Overnight Fee (Premium)
What is an overnight premium?
Also known as an overnight fee, it's an interest payment that may apply if you hold a position overnight. It particularly applies to contracts for difference (CFDs). The interest is based on the value of the contract and is calculated daily. If you hold a short position you earn this interest but if you hold a long position you pay this charge.
Where have you heard about overnight premiums?
You will have heard about them if you trade in CFDs. If you buy a CFD, called going long, you only pay a margin of the value of the trade. You're essentially borrowing the rest of the capital to buy the investment from the broker and they charge interest for this financing. If you sell a CFD, called going short, you will receive an interest credit from your broker but going short is a higher risk trading strategy.
What you need to know about overnight premiums...
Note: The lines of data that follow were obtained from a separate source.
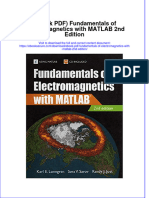 Instant Download Ebook PDF Fundamentals of Electromagnetics With Matlab 2nd Edition PDF Scribd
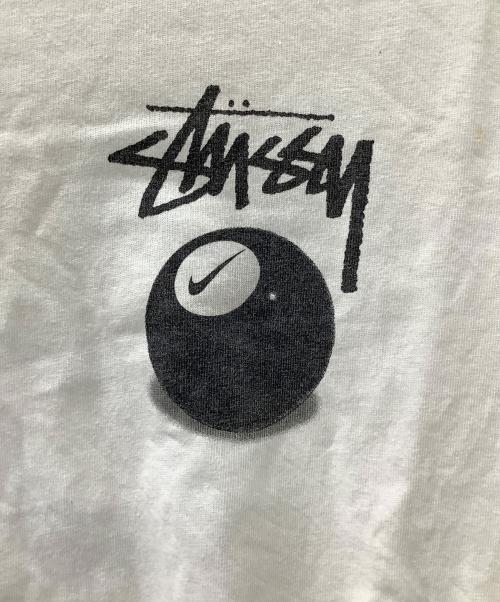 NIKE（ナイキ）NIKE (ナイキ) stussy (ステューシー) 半袖カットソー ホワイト サイズ:Mの古着・服飾アイテム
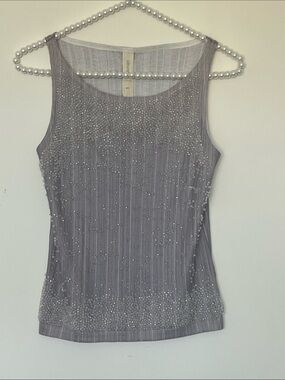 TROSMAN BEADED SLEEVELESS BLOUSE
If you hold a long CFD position the interest rate is normally calculated at a margin of around 2-3% above the overnight rate charged by the central bank. If you hold a short position you will earn an interest rate of around 2-3% less than this reference rate. The premium is on top of the commission that the broker will charge for opening or closing a position.
Here's an example of how to calculate the overnight premium on a long CFD position:
- Calculate the financing charge by adding the broker's premium (i.e. 2%) to the daily reference rate (i.e LIBOR at 0.5%)
- Multiply the full face value of the CFD (say $50,000) by the financing charge (2.5%)
- Divide this figure ($1,250) by 365 to get that day's premium charge ($3.42)
CFDs allow investors to take advantage of trading opportunities that they maybe otherwise wouldn't have the capital to invest in. On the other hand overnight premiums can cut into the returns of long positions, especially if they are held for extended periods of time.